I’ve recommended good comics for kids before, and even good superhero comics for kids, but I just keep finding more good ones! So here’s another collection of the best we’ve found, all appropriate for elementary school and up. Grab that library card, get to the bookstore, whatever works!
Little Robot by Ben Hatke. Ben Hatke is just amazing. We loved his graphic novel series Zita the Spacegirl (see Good Superhero Comics for Kids) and his picture book Julia’s House for Lost Creatures (see Spooky and Monster Books for Kids.) And now we’ve fallen in love with Little Robot.
It begins with a box falling out of a truck as it’s crossing a bridge. The box floats away down the river. A girl who’s skipping school drags it out and opens it, only to find a small (nearly) operational robot. Its disappearance does not go unnoticed at the warehouse, though, and a large, aggressive tracking robot is sent to recover the little one. For a book with two such bitty, cute protagonists, there’s a fair amount of danger in this one, so I didn’t recommend it for very young children. The growing friendship between the girl and the robot isn’t without its conflicts, and there’s depth of emotion in both characters’ reactions to their situations. It particularly moved me that Hatke created the girl as a person of color, with natural-looking hair, from a not-middle-class household (she lives in a trailer park) and made her a tinkerer. This kind of diverse representation is almost unheard of in comics for kids.
Bink and Gollie by Kate DiCamillo and Alison McGhee, illustrated by Tony Fucile. Three vignettes about two friends. Bink is short, wild, and irrepressible. Gollie is tall, sophisticated, and orderly. Does this make their friendship smooth? Not always. Do they always figure it out? Yes, absolutely. And they have plenty of adventures: Gollie climbs a mountaintop in the Andes, and Bink brings her pet fish to the movies. This is one of the best children’s comics I’ve ever read, so good that I’d have read the other two books myself even if Boy Detective hadn’t been interested. But we ended up reading them together, and they were also fantastic. DiCamillo and McGhee choose their words with exquisite care, and Fucile’s cartoons are a delight.
Bird and Squirrel On Ice by James Burks. Bird and Squirrel are best friends. While messing around on a glacier, an avalanche drops them at the feet of Sakari, a penguin gal who hunts, fishes, and packs a mean wallop when anything comes looking for trouble. Except for the Great Whale which is extorting fish from her village. No one’s been able to do much about that except wait for The Chosen One, and based on the prophecy… that’s Bird. Squirrel is alarmed, but Bird is too busy being adored to worry about how he’s supposed to defeat the whale. So Squirrel and Sakari do a little investigating.

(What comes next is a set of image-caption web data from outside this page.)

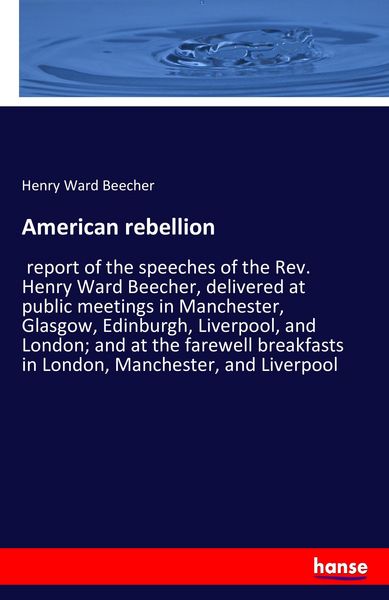 Produktbild: American rebellion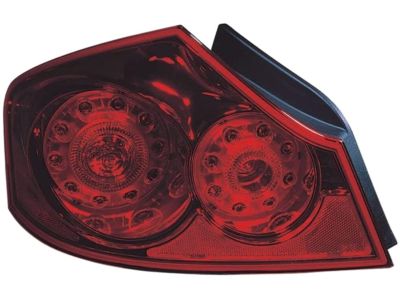 Infiniti G37 Back Up Light - 26555-JK60B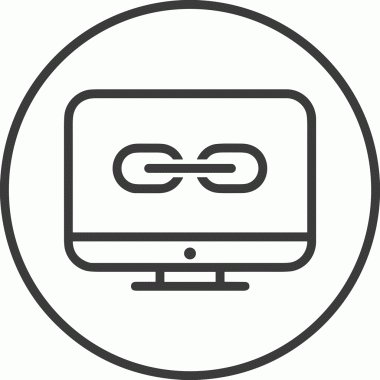 Zincir simgesi PNG biçimi basit siyah ve beyaz vektör illüstrasyonunda bağlantı birliği güvenlik ve gücünü temsil eden dijital tasarım kullanıcı arayüzü için mükemmel modern uygulama logosu minimal web ögesi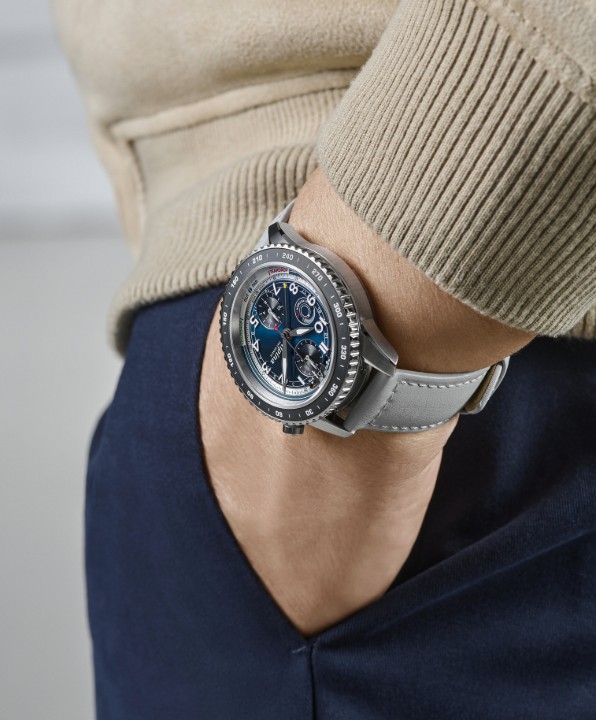 Bild von Alpina Startimer Pilot Chronograph IFR x Watch Angels Limited Edition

Both Bird and Squirrel have some slapstick characteristics initially, but as the story develops they’re revealed as well-rounded characters. Sakari is a gem, clever and strong. She resists her father’s overprotective vibe without being a jerk about it. All in all, a solid story about friendship and being a hero. This is the second Bird and Squirrel book, after Bird and Squirrel on the Run which we didn’t enjoy as much. The third book, Bird and Squirrel on the Edge, came out recently and it’s quite entertaining. We especially liked the baby bear.
[Update March 2016: Always keep your critical thinking skills on when you see a “tribe” in fiction that seems to borrow from indigenous, Native, or First Nations people – and discuss it with your kiddo(s)! Is it respectful? Is it stereotyping?]
The Courageous Princess by Rod Espinosa. As happens to young female royalty, Princess Mabelrose gets kidnapped by a dragon. Being unwilling to stay kidnapped (and quite worried about how her parents feel with her missing) she sets about rescuing herself. What follows, across the three volumes, is a grand adventure full of magic, danger, and friendship. Adults may find Mabelrose suspiciously perfect, but I couldn’t resist loving her anyway. Espinosa’s art is lovely, and his world-building and plot design are incredibly strong. If you’re looking for epic fantasy, this is a great series. Bonus for those of us who crave diversity: Mabelrose is biracial/bicultural. Her mother is from a kingdom that appears to be based on Western European culture. Her father is from a kingdom that appears to be based on Middle Eastern culture. People from both sides of her family appear in the story.
Boy Detective’s thoughts: “It’s a very adventurous story, and also Mabelrose herself is very adventurous. It’s funny in parts, and it’s a tiny bit scary in parts. There are a lot of cliffhangers, which leave you wanting to read the next volume or the next chapter.” (He’s not wrong. Waiting between the second and third books was painful.)
Explorer: The Mystery Boxes, Explorer: The Lost Islands, and Explorer: The Hidden Doors, edited by Kazu Kibuishi. Each Explorer book is a collection of comic short stories on a theme. Any lover of fantasy, magic, action-adventure, or high-quality art in comics should at least borrow these from their library. They’d make especially good gifts for young comics lovers, or kids new to comics, because they can find their own favorites out of the tales in each book. Kibuishi is a master storyteller whose work has emotional depth while remaining very accessible, and he’s selected writers and artists with similar skills for these books. Across the stories, there is quite a bit of diversity in characters. I’m also a sucker for gorgeous covers, and these books rock on that aspect. I even love the title font.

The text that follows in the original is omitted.